Para la segunda parte, Úbeda mandó a la cancha a Velasco por Herrera para buscar mas opciones ofensivas pero a cada minuto sus carencias se agudizaban y no le podía entrar a un equipo chileno que salió al complemento con la única misión de resistir como se pudiera y a aguantar.
Y lo cierto es que Boca no lo inquietó demasiado. Algún remate de afuera del área desviado, algún centro descolgado y no mucho mas para un equipo que no tenia respuestas adentro, que lo que llegaba desde el banco (Romero y Merentiel) tampoco empujaba y lo que venia desde la tribuna tampoco, en una Bombonera sorprendentemente apagada.

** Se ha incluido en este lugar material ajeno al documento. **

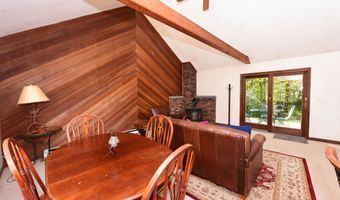 2 Whispering Brook Rd, Bartlett, NH 03812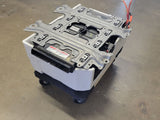2012-2015 Honda Civic Hybrid Battery Case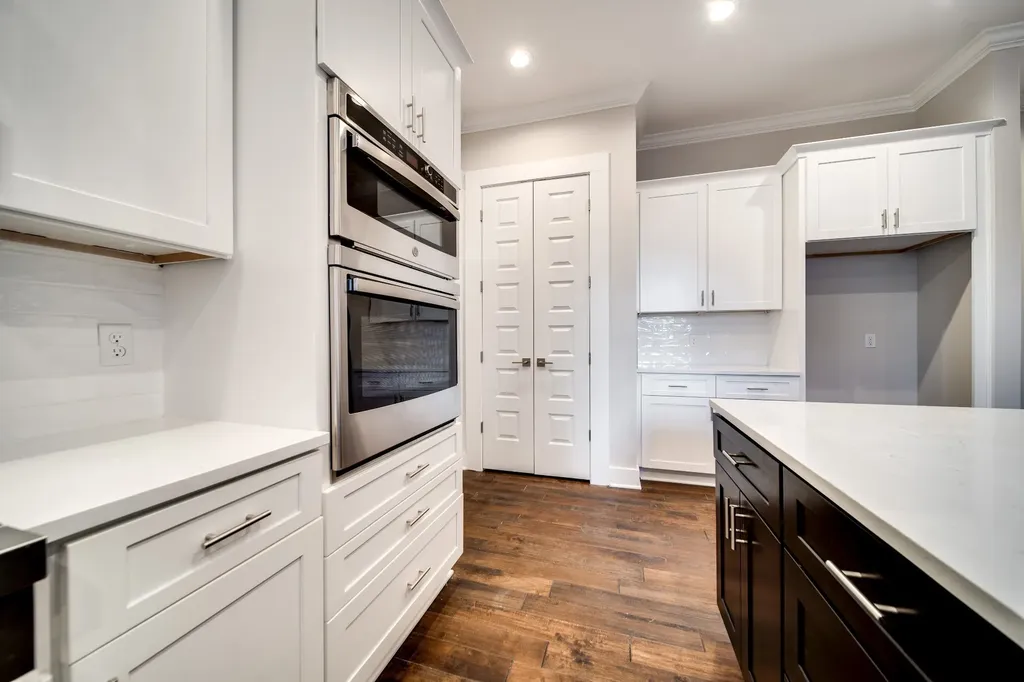 2509 Scovel Street Nashville TN 37208
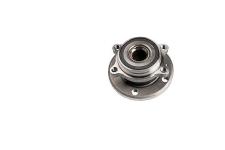 TEKER PORYASI CADDY/GOLF V-VI/JETTA III-T - SNR XHGB35475S02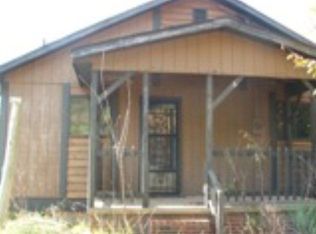 4929 Medical Center Rd, Axton, VA 24054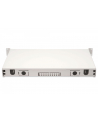 Digitus Professional Rozdzielacz światłowodu 24 Porty LC 1U (DN963324) - nr 5
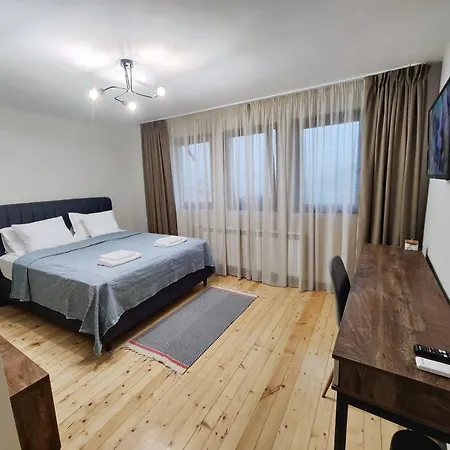 Guest house лазара Veliko Tarnovo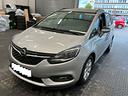 opel-zafira-1-4-turbo-120cv-advance-gpl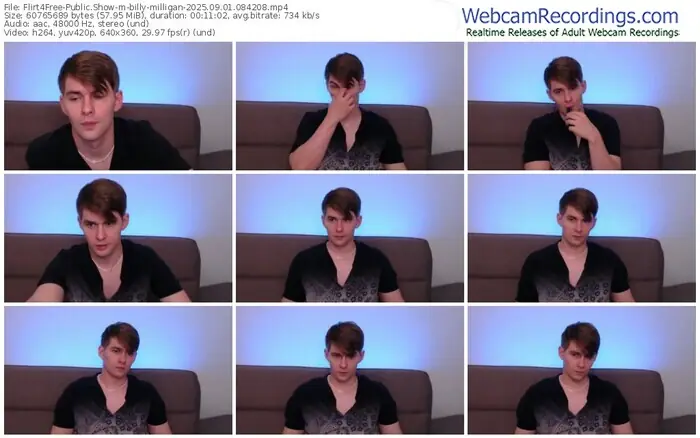 2025/09/01/flirt4free-billy-milligan-08-42-08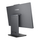 Kompjuter All in One Lenovo ThinkCentre Neo 50a 24 Gen 5, Intel Core i5, 512GB SSD, gri me të zezë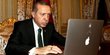 Erdogan: Turki akan boikot produk elektronik AS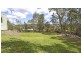 31 Uplands Drive, Parkwood QLD 4214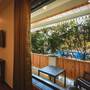 Горящие туры в отель Majestic Eco Comforts - 1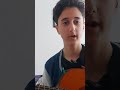 انتخابی مطمئن انتخابی مطمئن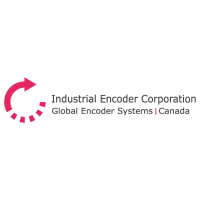 Industrial Encoder Corp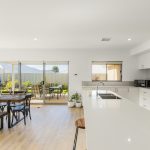 21 Elvina Vista, GOLDEN BAY, WA 6174 AUS
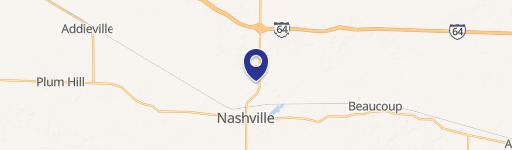 Nashville, IL 62263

Tuvo el empate tras una guapeada de Romero, que ganó dos veces de cabeza para meterla al medio y que Aranda llegó a empujar tras una falla del arquero pero el central Ampuero llegó a despejar en la línea.
Los minutos corrían y el gol no llegaba, tampoco las jugadas de peligro. Ni siquiera tuvo Boca la reacción final, ni el ultimo empuje o los centros a donde fuera y dio la sensación de entregarse a una derrota que se acercaba sin tener argumentos como para evitarla.
Y no pudo hacerlo y Boca quedó eliminado en fase de grupos de la Copa Libertadores, cosa que no sucedía desde 1994, cuando compartió grupo con Vélez, Palmeiras y Cruzeiro.
Fracaso rotundo del Xeneize, que arrancó con dos victorias consecutivas y con buenas actuaciones, pero que aquellas expulsiones en Belo Horizonte y en Guayaquil lo complicaron, aquel penal no cobrado ante Cruzeiro lo privó de esos puntos y hoy no se le cayó una idea ante un equipo que marcó el gol y se aferró con uñas y dientes a la ventaja.
Ahora, Boca se mete en Copa Sudamericana contra O’ Higgins de Chile en 16avos a la espera del sorteo que se realizará mañana en Asunción.
Por lo pronto, y a la espera de lo que seguramente será un mercado de pases movido, probablemente con la búsqueda de un técnico y de una renovación de plantel que se avecina, a Boca el año le empezó a quedar demasiado largo.